Correct. Decreasing the chunk size of embedded documents reduces the amount of text contained in each retrieved passage that is inserted into the final prompt. When a model has a shorter context window, smaller chunks are a standard RAG design adjustment because they allow retrieved context to fit more easily within the token budget. This change does not require replacing or retraining the response model, and it directly addresses the prompt-length overflow shown in the error. It is especially effective when retrieved chunks are individually large and dominate the prompt size.
Correct. Reducing the number of records retrieved from the vector database directly lowers the amount of retrieved context appended to the prompt. In most RAG pipelines, top_k retrieval is one of the most important controls for staying within a model’s context window. Since the error is caused by too many prompt tokens, lowering the number of retrieved records is an immediate and reliable mitigation. This preserves the same response-generating model while shrinking the input to fit the 4096-token limit.
Incorrect. Retraining the response-generating model using ALiBi would constitute changing the model, which the question explicitly forbids. It is also a major model-development effort rather than a practical pipeline adjustment. Even if a positional encoding strategy could help with longer contexts in some architectures, it does not address the immediate operational requirement to keep using the current model unchanged. The question asks for implementation changes in the RAG pipeline, not model retraining.

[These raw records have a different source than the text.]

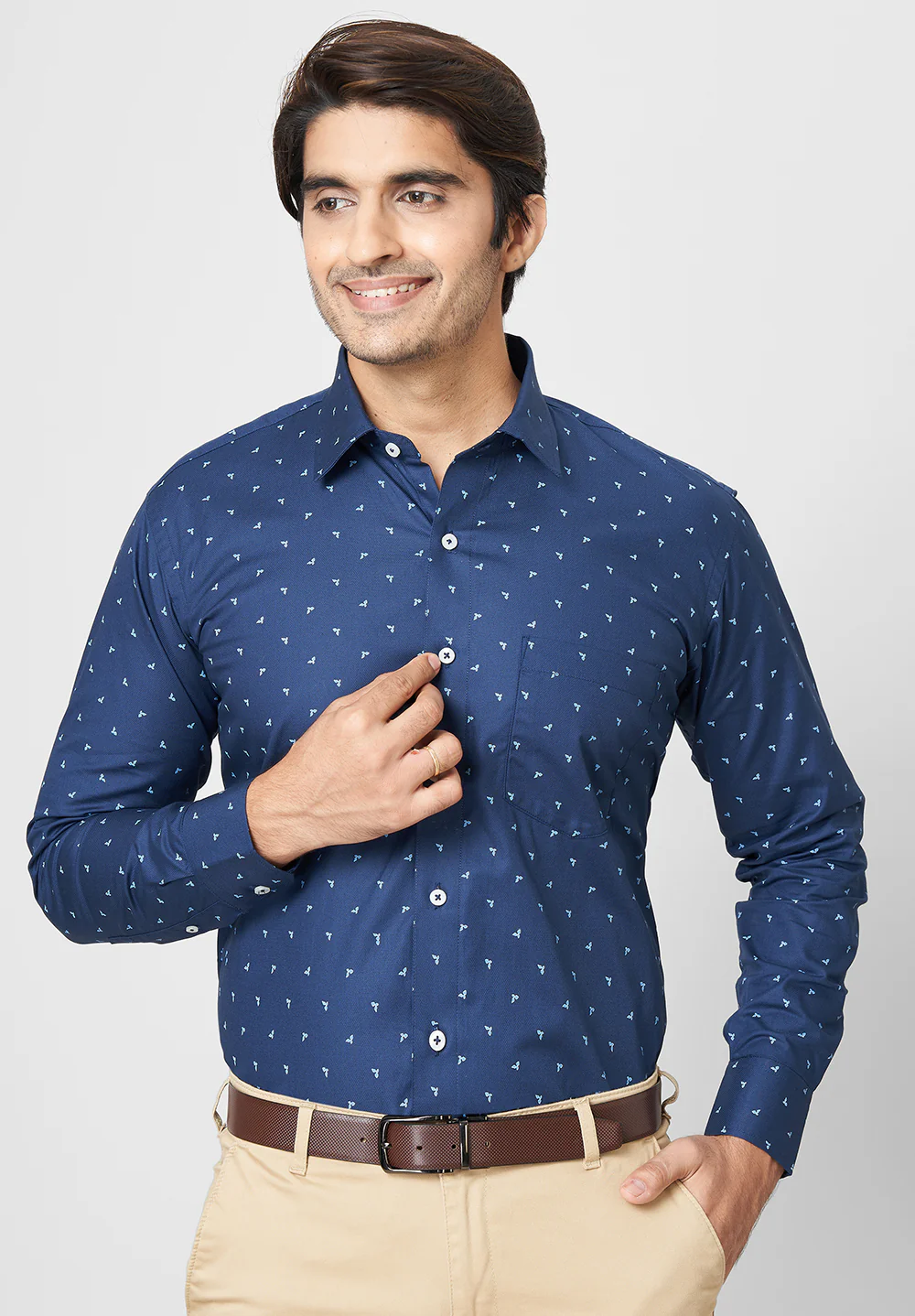 Pure Cotton Semi Formal-Smart Fit Shirt - 40851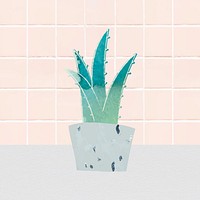 Watercolor succulent potted plant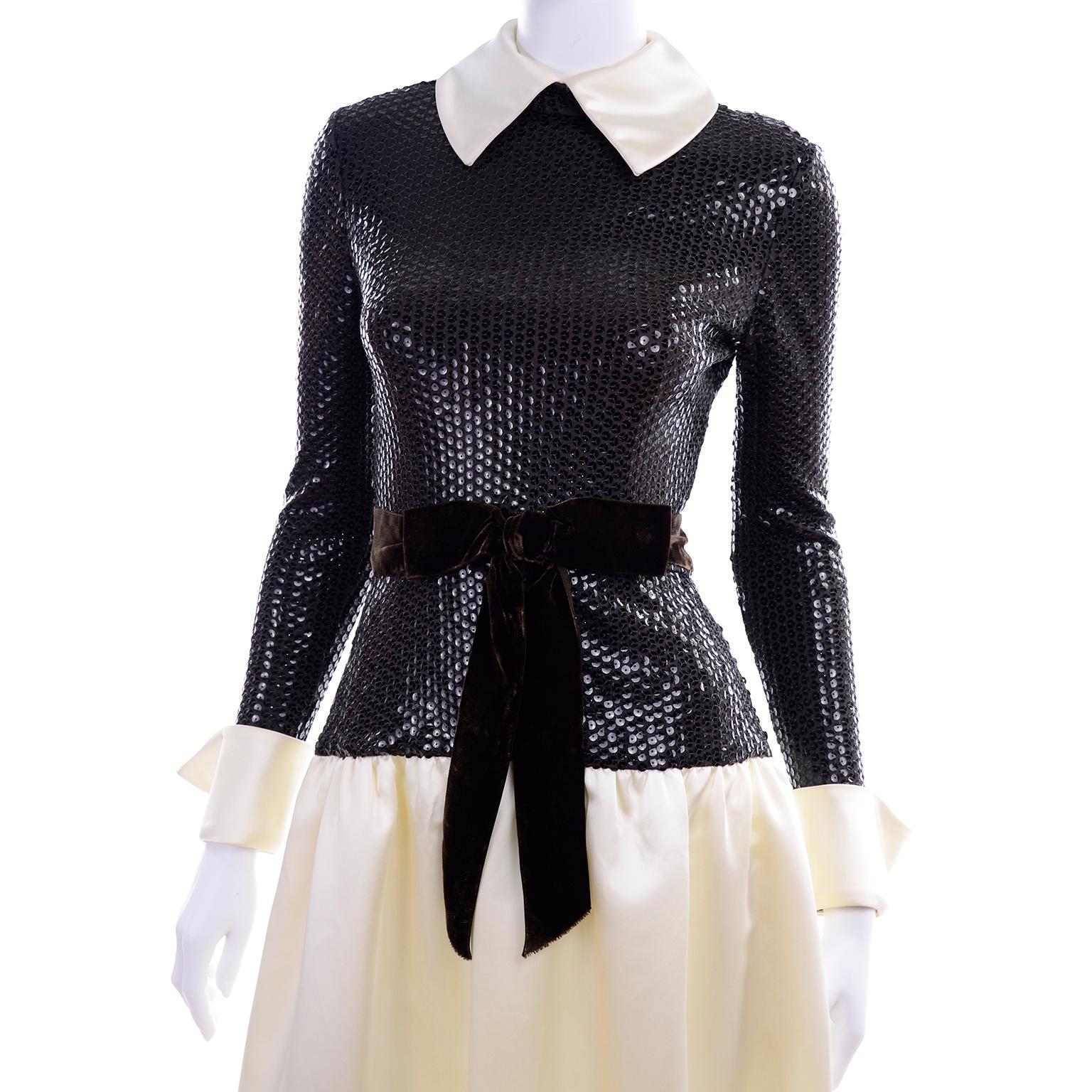 Kiki Hart Vintage Evening Dress Ivory Satin W Brown Sequin Bodice & Velvet Bow For Sale 6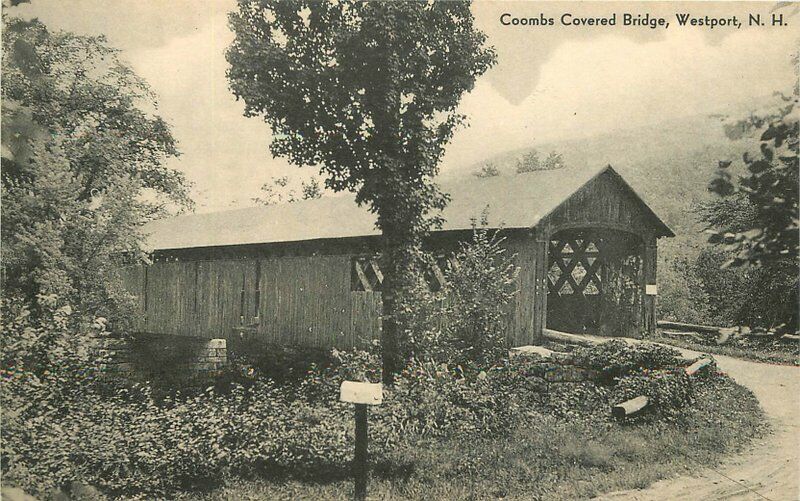 Coombs Covered Bridge Westport New Hampshire C-1920s Postcard Tilden 7397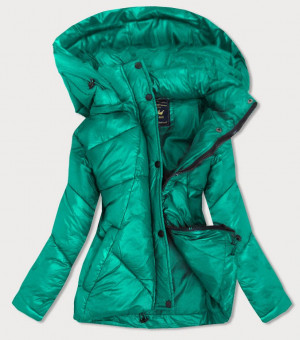 Zelená dámská prošívaná bunda s kapucí, kterou je možné odepnout (7564) zelená S (36)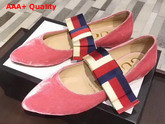 Gucci Velvet Ballet Flat with Sylvie Bow Pink Velvet Replica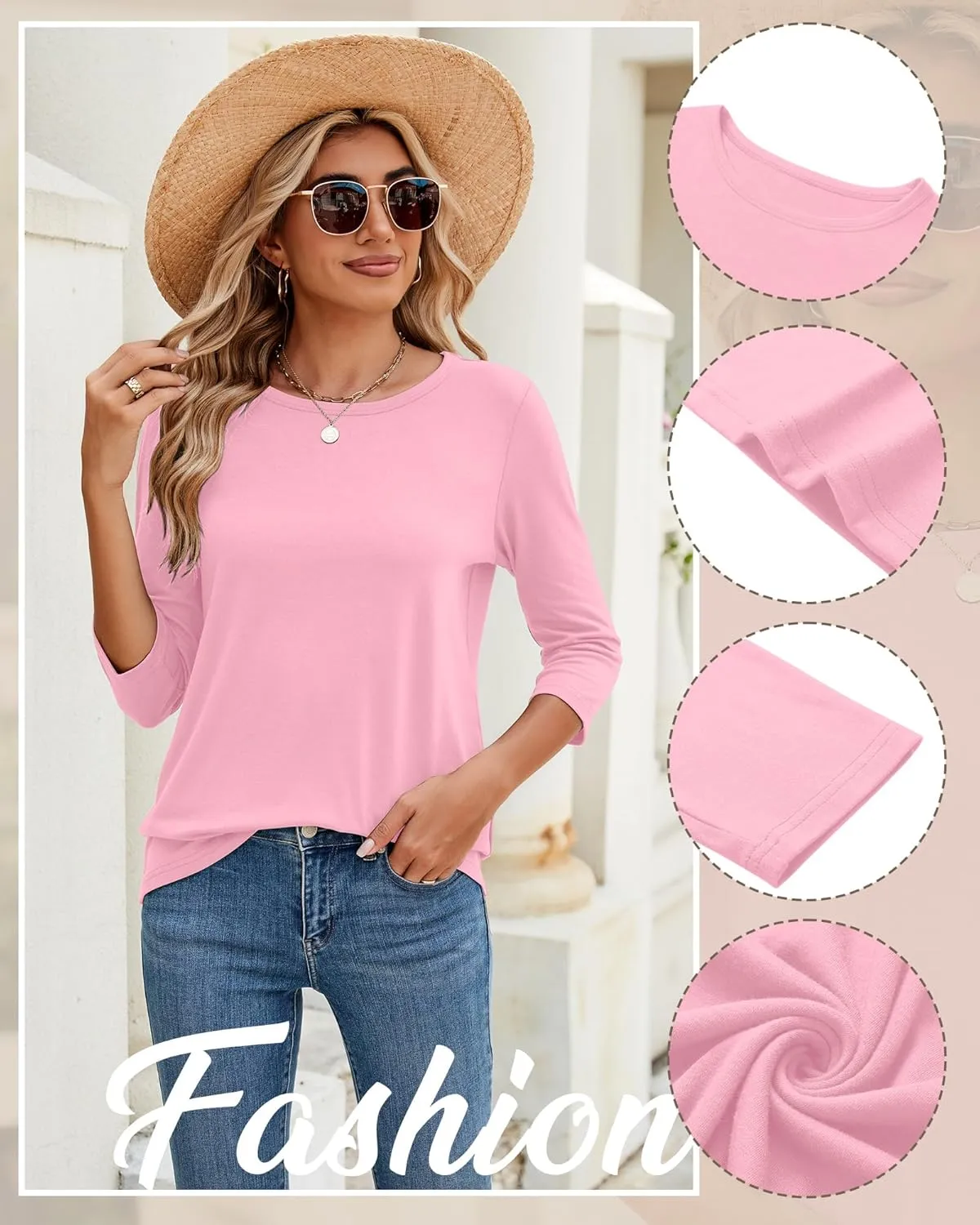 Ficerd 3 Pack 3/4 Sleeve Tops for Women Round Neck Dressy Basics Tees Casual Trendy Loose Fit T Shirts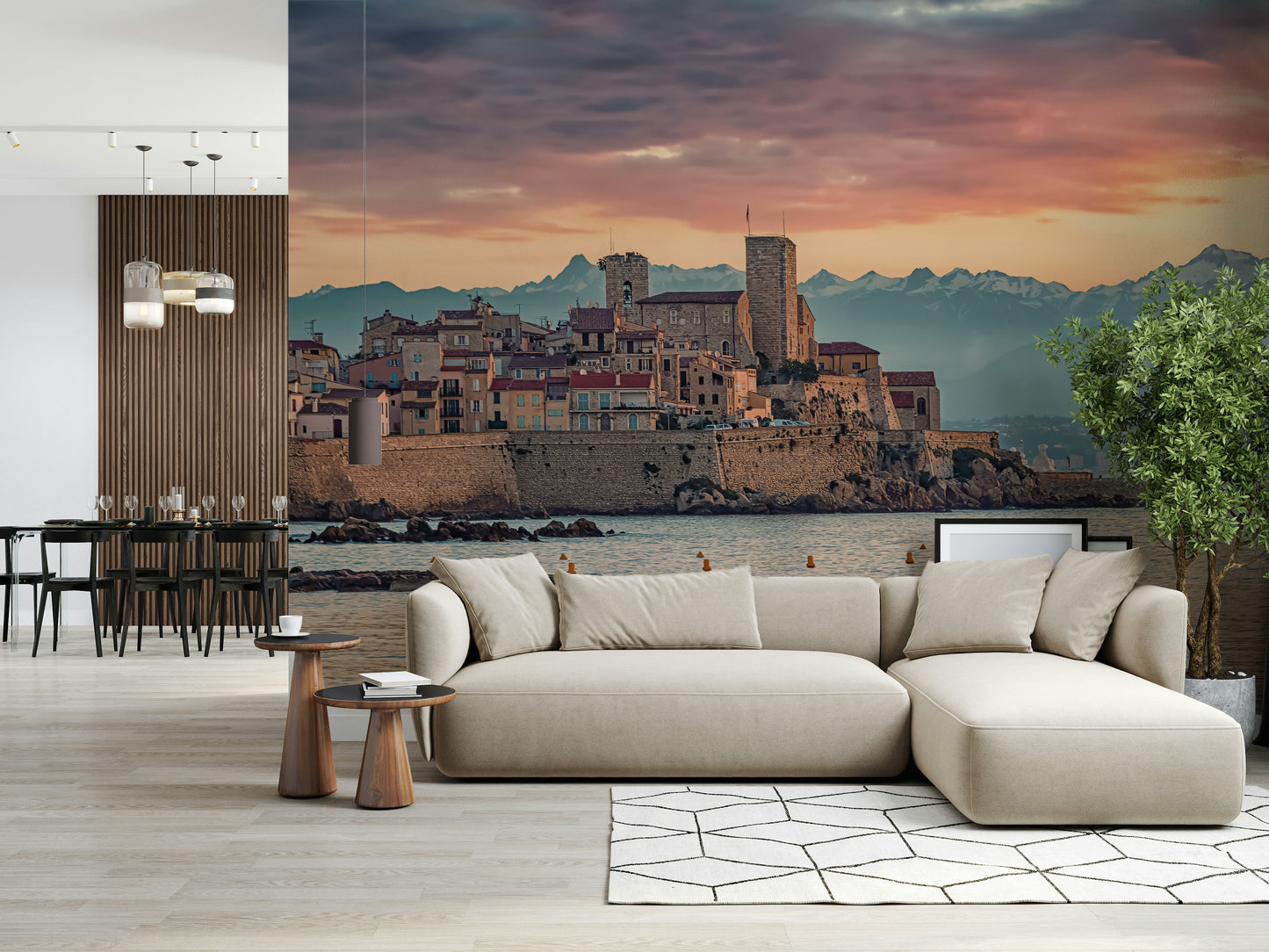 Dusk at Antibes wall mural featuring a historic seaside town glowing under a purple and peach sunset sky.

Core concept: This question is about managing input context length in a RAG pipeline after switching to a model with a smaller context window. The error states that the prompt token count is 4595, which exceeds the model’s 4096-token limit, so the problem is specifically with the input prompt before generation occurs. In RAG systems, the largest contributors to prompt size are usually the retrieved document chunks and the number of chunks inserted into the prompt. Common misconceptions include confusing embedding model size with prompt length, or assuming output token settings can fix an input-only overflow. Exam tip: when an error explicitly references prompt token count, focus on reducing the text sent into the model rather than changing generation settings.